Exánime chisporroteó la última vela del día, en un inútil intento de continuar iluminando. El sueño acarició los párpados de San Antonio que coloradito y sudoroso permanecía impasible.

Los siete primeros días de noviembre, efímeros como todos, pasaron a ser historia.

Las diversas actividades en el terminal del aeropuerto Mariscal Sucre, reafirmaron la rutina matinal.

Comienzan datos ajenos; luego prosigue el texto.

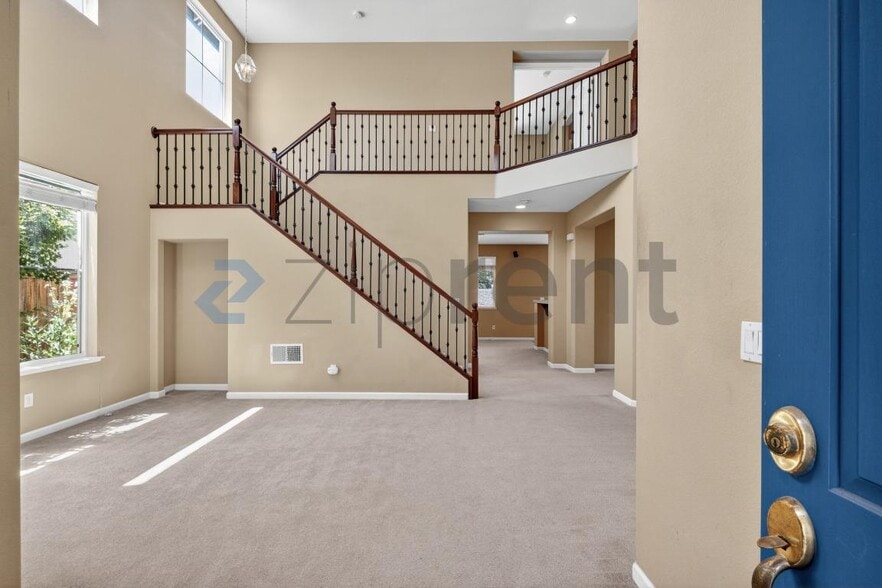 Building Photo - Unit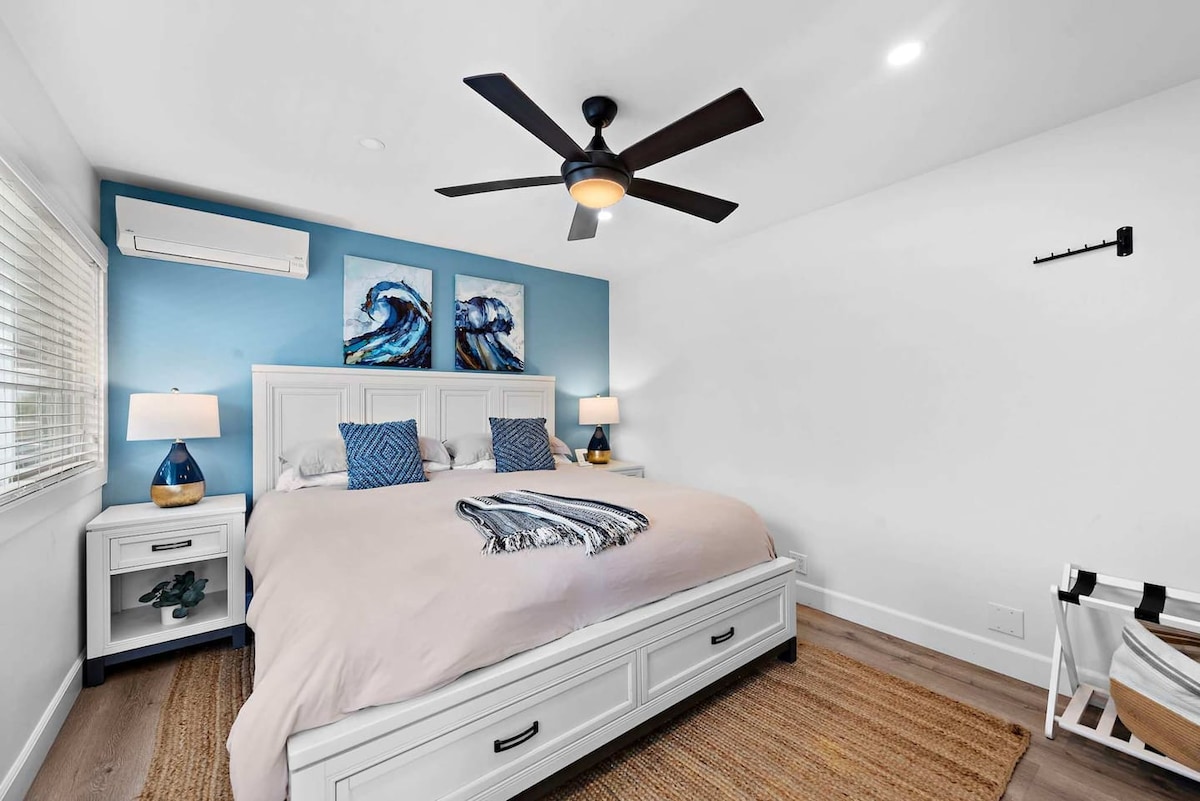 Dormez profondément sur notre nouveau matelas king size Dreamcloud haut de gamme et nos draps fins.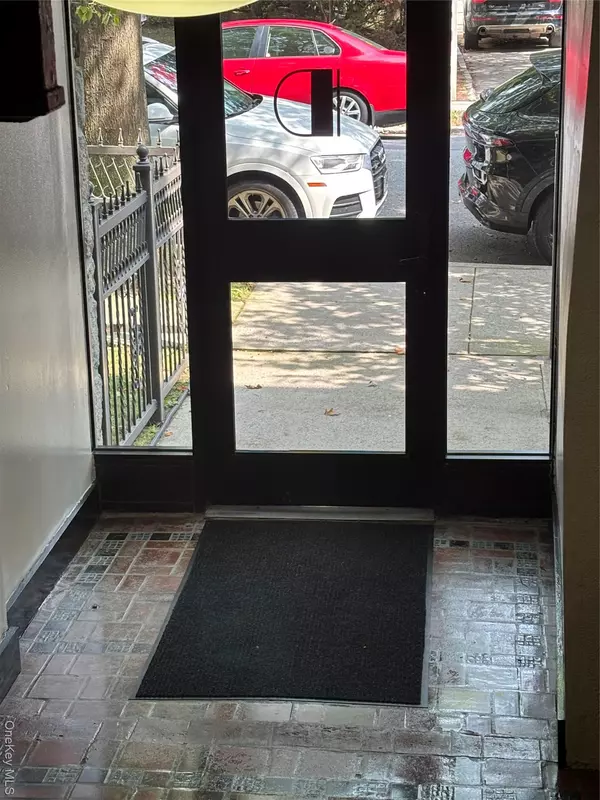 Beechhurst, NY 11357,160-15 Powells Cove Boulevard #D302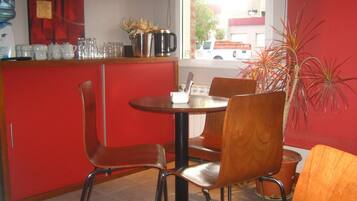 Free daily buffet breakfast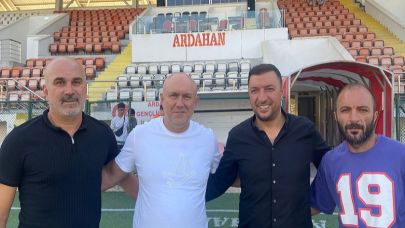 Serhat Ardahanspor, yeni teknik direktörü Tuğrul Metin ile 1 yıllık sözleşme imzaladı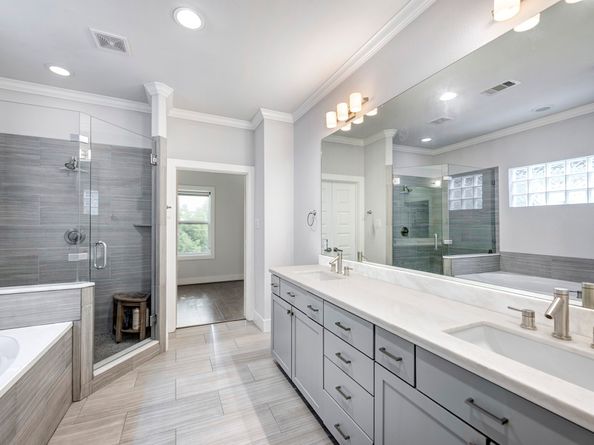 1009 W 16th Street, Houston TX 77008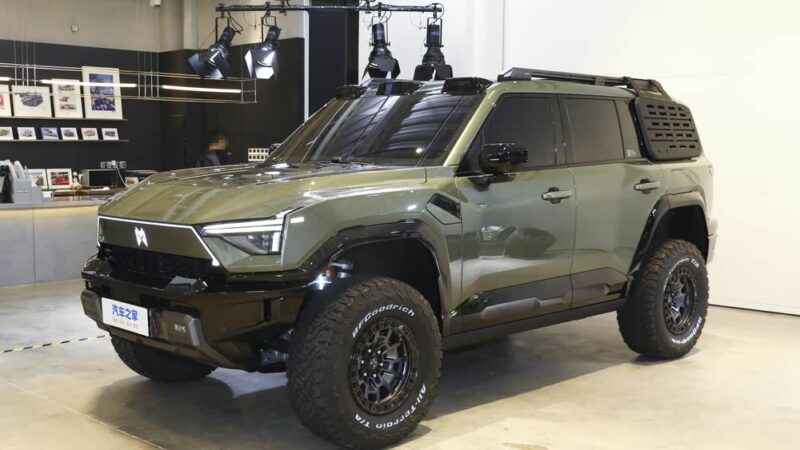 dongfeng warrior m817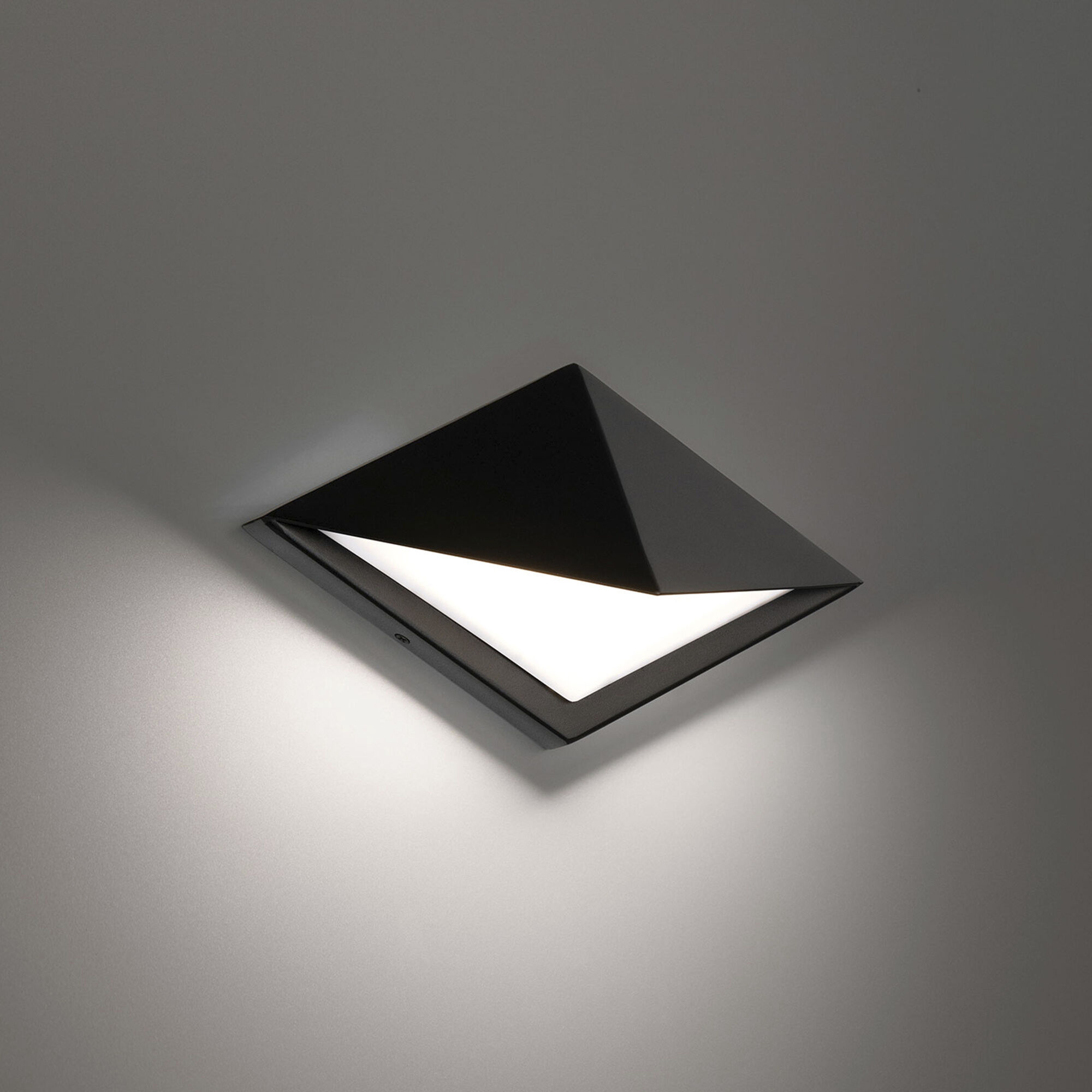 Pique LED 7 inch Black Outdoor Wall Light in 3500K, dweLED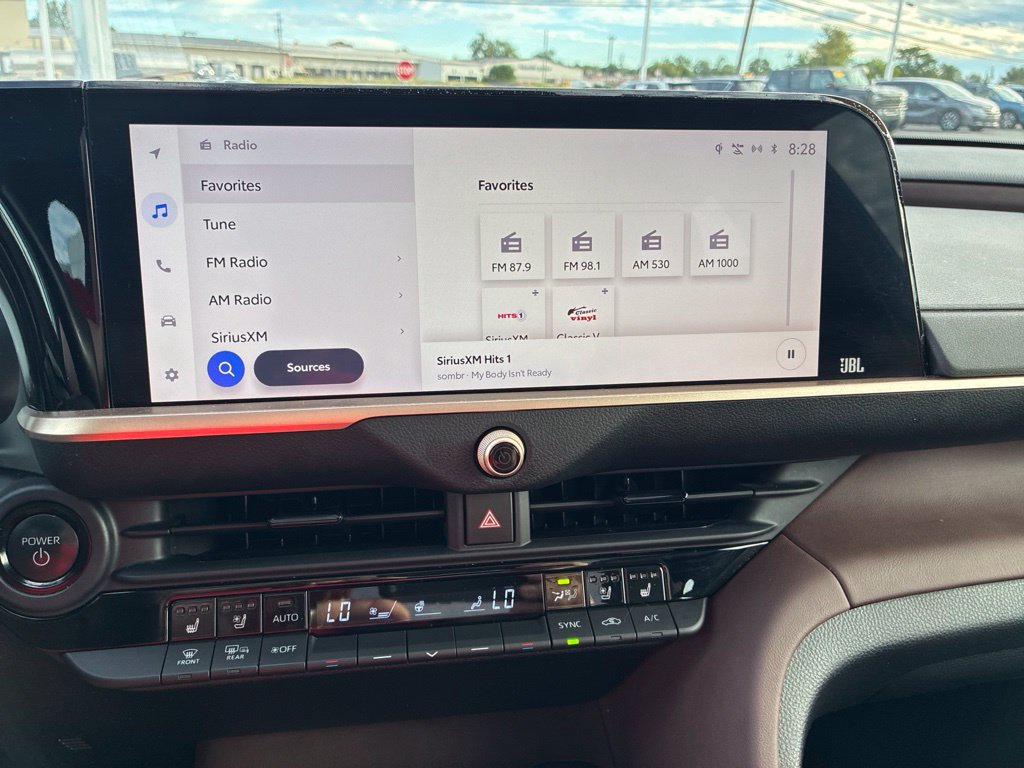 Certified 2023 Toyota Crown AWD/4WD image 27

Buscando incautos por los andenes y pasillos, merodeaba el carterista de boina inseparable, quiso la bendita casualidad que éste ofreciera en venta, la reluciente insignia a Fernando García Chacón (otavaleño ya fallecido), quien desempeñaba un alto cargo en una dependencia administrativa de la Aviación Civil, mayúscula fue su sorpresa cuando al revisar la inscripción grabada, constaba el nombre del apreciado coterráneo Alejandro Plazas Dávila, y en el reverso: 31 de octubre de 1971 AL MERITO ARTÍSTICO.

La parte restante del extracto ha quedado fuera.